La parola, dunque, non è mai autoreferenziale, e la sua voce mai monotonale ma sempre collettiva e democratica. L’immagine etica della parabola, insomma. D’altra parte, Balzano ha spesso dichiarato di vivere la letteratura di stampo civile come l’unica praticabile per vocazione personale e per assunzione di responsabilità: il confronto con l’altro si configura come un vincolo morale, imprescindibile antidoto alla riduzione nichilistica della parola. Così, «se il sapere fosse un’immagine sarebbe proprio un ponte, perché implica sempre che le parole debbano arrivare all’altro» , sancire un patto di reciprocità tra poli comunicanti (Cfr. Una storia è sempre lingua, voce., https://www.illibraio.it/news/dautore/marco-balzano-intervista-774055/).
Il saggio Le parole sono importanti, pubblicato per Einaudi nel 2019, dove la caratura morale e civile dello scrittore si incontra con l’espressività poetica dell’etimologia, sembra guidare il lettore, mediante le dieci parole-metafore indagate, a una decodifica, a una ulteriore interpretazione del valore resistenziale delle parole di Trina.
La fruizione comparativa di questo saggio – un vero e proprio vademecum! – e del romanzo ci restituisce due evidenze: la specularità di immagine visiva e parola, e l’invito al lettore a coglierla e a farsi compartecipe di un percorso.
L’autore ha, in più luoghi, precisato come sia spesso l’eloquenza di un’immagine a indicare una storia. E così, il campanile sospeso nel lago si è configurato come presenza residuale e resistenziale, che si eleva e prende parola: “io resto qui”.
Precede, dunque, l’immagine e si procede per immagini nella narrazione della sparizione di Curon, terra liminare e contesa. Questa pratica trova conferma, a mio avviso, nella simmetrica complementarietà dei due quaderni – di parole e di immagini – di Trina ed Erich, manifestazioni di un dolore privato e preservato, sulle cui pagine il ricordo della figlia Marica si fa presenza, dialogo. Testimoni di una sparizione – l’ennesima – e fotografie di humus emotivo riscoperto e condiviso, i due quaderni non necessitano d’altro, interpretati nella logica della polarità comunicante del nostro autore, se non di essere semplicemente osservati, e osservati dall’occhio scrutatore del lettore.

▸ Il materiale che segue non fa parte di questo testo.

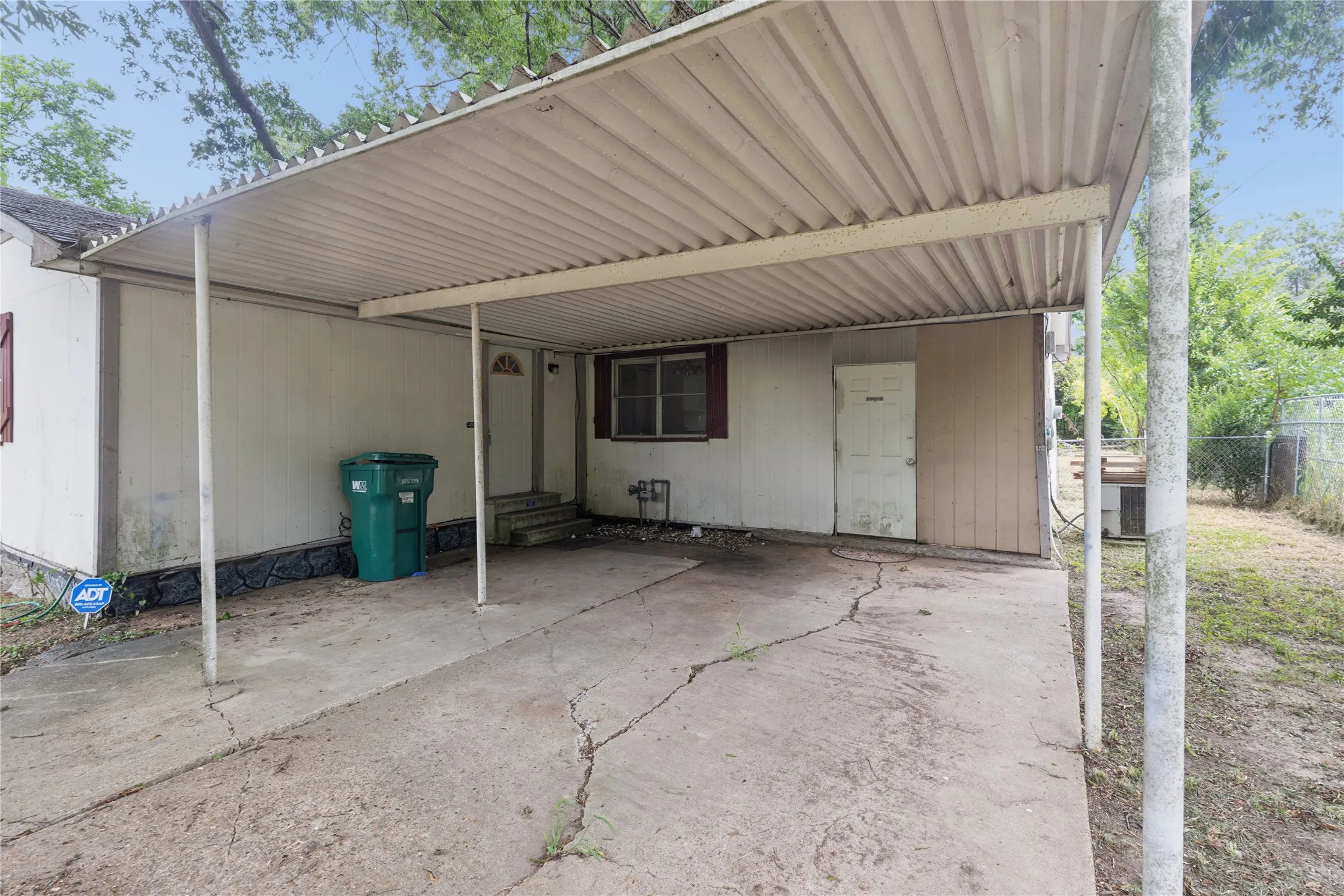 Single Family Residence For Sale in Bowie County , 1003 Brooks, New Boston, Texas 75570, 3 Bedroom, 2 Bathroom, Garage spaces, 1,360 Sqft, built in 1970, mls#21302200, Real Estate Agent in New Boston, Homes For Sale in Bowie county, Homes For Sale in New Boston, Realtor in New Boston Texas, Real Estate Brokerage Independent Realty Texas, Luminita Cordes Realtor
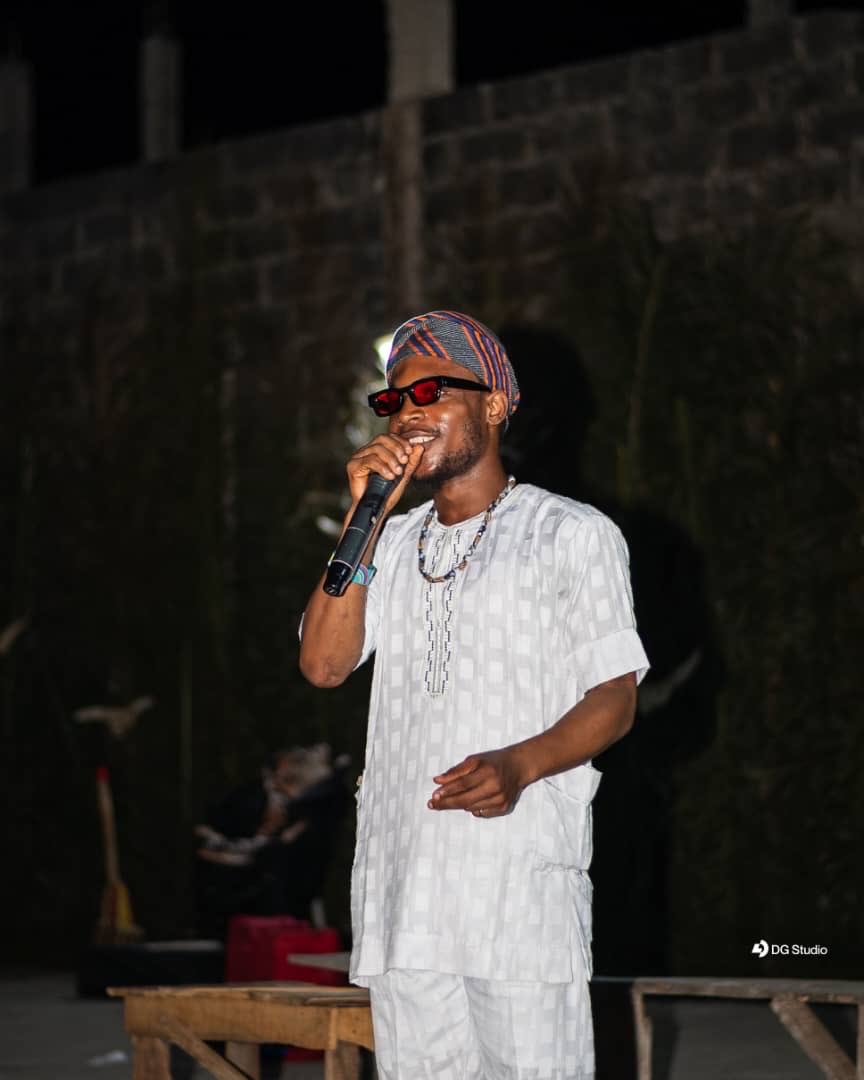 atomisayo's tweet image. Finally got to understand this ‘X’ thing and now, I think it’s time for a proper introduction.

Hi Everyone, My name is Ayoola Daniel Ogunjobi.
 
I am a playwright, director and actor with a very strong passion for art and—oops , almost forgot, there’s a small musician in me too.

Ed è in quel quaderno che si dipana la narrazione della clandestinità, è lì che emerge l’etimo politico delle pratiche verbali di Trina: parole educatrici, strumenti di didattica nelle catacombe, nelle scuole di tedesco non autorizzate dal regime; parole performative, atti di intervento politico (Trina nella veste di ghostwriter di Erich); parole(-)artefici, che plasmano corresponsioni di fantasie amorose nelle lettere dal fronte, derubate del contenuto a causa della censura, e che processano una cronaca della Resistenza, pur nella misura privatamente diaristica, eminentemente storica.
Le parole disobbedienti disattendono anche certa linearità sintattica, per non eludere la strategia etica ingaggiata. L’uso iterativo delle dislocazioni a destra, infatti, oltre a strizzare l’occhio al parlato e a rendere ancora più fluida una scrittura asciutta ed essenziale, accentua una marcatura: rende visibile la preminenza di determinate parole in un flusso dalla caratura aforistica.

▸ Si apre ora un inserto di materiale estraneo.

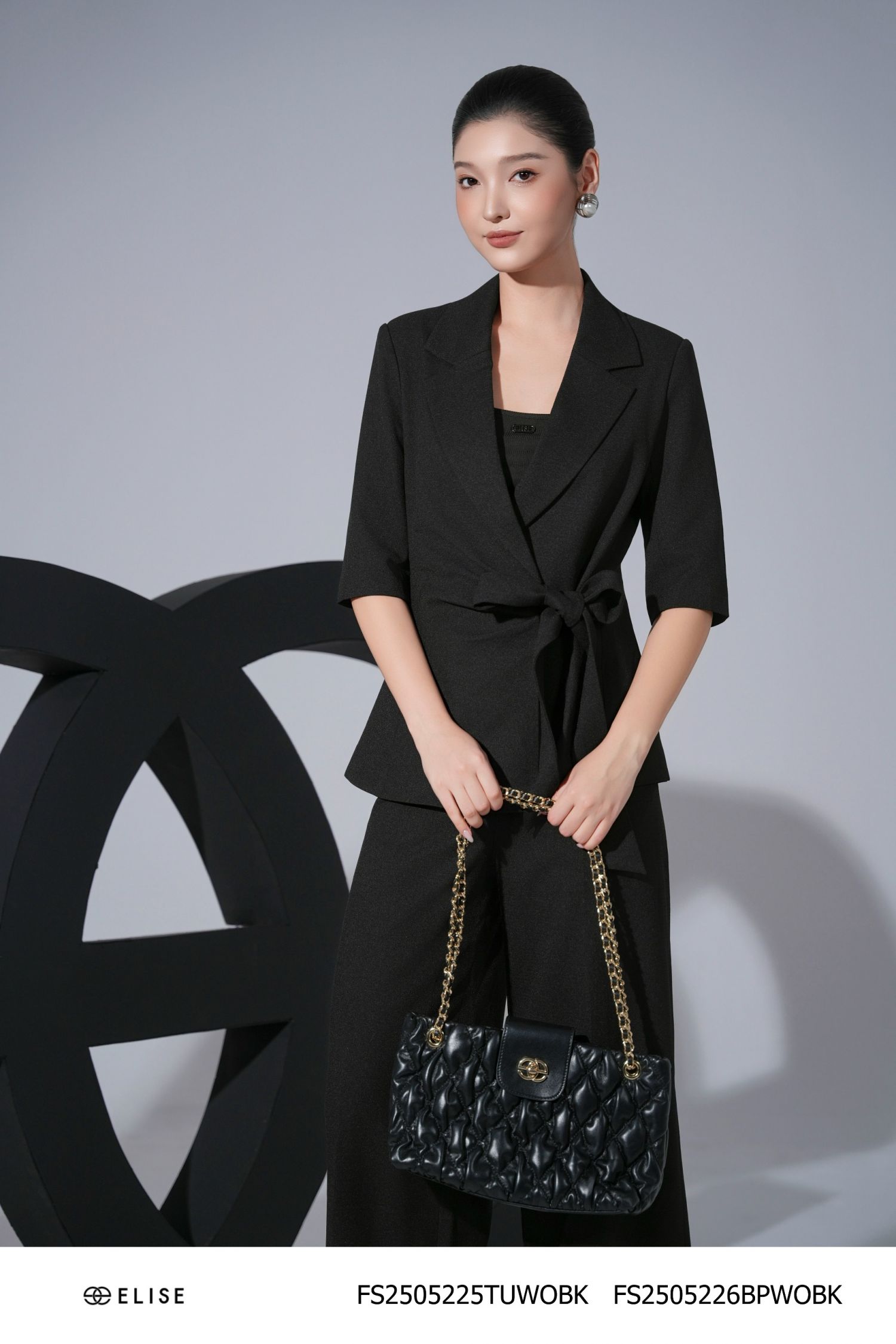 ÁO VEST ĐEN VÂN VẠT BUỘC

Si tratta di parole semplici, ampi contenitori semantici, e perlopiù astratte, ma subito tradotte in evidenze materiche di una ratio etica, di senso ponderato. Qualche esempio:
«Ti fa sentire una ladra certe volte l’amore» (p. 9)
«Diventa una vertigine, il dolore» (p. 55)
«Per lei erano il nemico più grande, i pensieri» (p. 72)
«Erano diventate un’estensione del nostro corpo, quelle pistole» (p. 101)
La letteratura civile di Marco Balzano districa la trama labirintica del reale, e indica al lettore, invitato ad attivare la sua coscienza etica e politica, una direzione: il suo etimo è l’indignazione.